- [What to work on] The word "shirt" marks the lines to copy; find all of them in the entries below.

- [Data for this exercise]
· · · · ·

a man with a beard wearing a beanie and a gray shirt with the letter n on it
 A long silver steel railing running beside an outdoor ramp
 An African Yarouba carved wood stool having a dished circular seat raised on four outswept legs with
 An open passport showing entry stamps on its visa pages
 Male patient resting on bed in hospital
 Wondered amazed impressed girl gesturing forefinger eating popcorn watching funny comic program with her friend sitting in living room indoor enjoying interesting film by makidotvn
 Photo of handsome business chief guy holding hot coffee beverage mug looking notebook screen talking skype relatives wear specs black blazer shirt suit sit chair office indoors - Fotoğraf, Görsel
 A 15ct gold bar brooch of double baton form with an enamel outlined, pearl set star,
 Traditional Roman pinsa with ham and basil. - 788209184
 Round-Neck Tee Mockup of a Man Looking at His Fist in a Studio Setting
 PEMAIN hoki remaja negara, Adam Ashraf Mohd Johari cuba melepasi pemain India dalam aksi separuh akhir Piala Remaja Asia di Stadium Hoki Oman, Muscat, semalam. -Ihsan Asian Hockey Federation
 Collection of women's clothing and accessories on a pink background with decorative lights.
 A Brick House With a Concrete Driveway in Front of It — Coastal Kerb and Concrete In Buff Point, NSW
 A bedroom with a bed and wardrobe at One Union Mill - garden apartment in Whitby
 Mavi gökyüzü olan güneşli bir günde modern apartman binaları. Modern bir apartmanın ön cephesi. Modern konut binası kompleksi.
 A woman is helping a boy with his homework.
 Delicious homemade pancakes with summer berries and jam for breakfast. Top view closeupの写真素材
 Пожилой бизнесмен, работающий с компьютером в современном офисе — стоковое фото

· · · · ·

- [Exercise solution]
a man with a beard wearing a beanie and a gray shirt with the letter n on it
 Photo of handsome business chief guy holding hot coffee beverage mug looking notebook screen talking skype relatives wear specs black blazer shirt suit sit chair office indoors - Fotoğraf, Görsel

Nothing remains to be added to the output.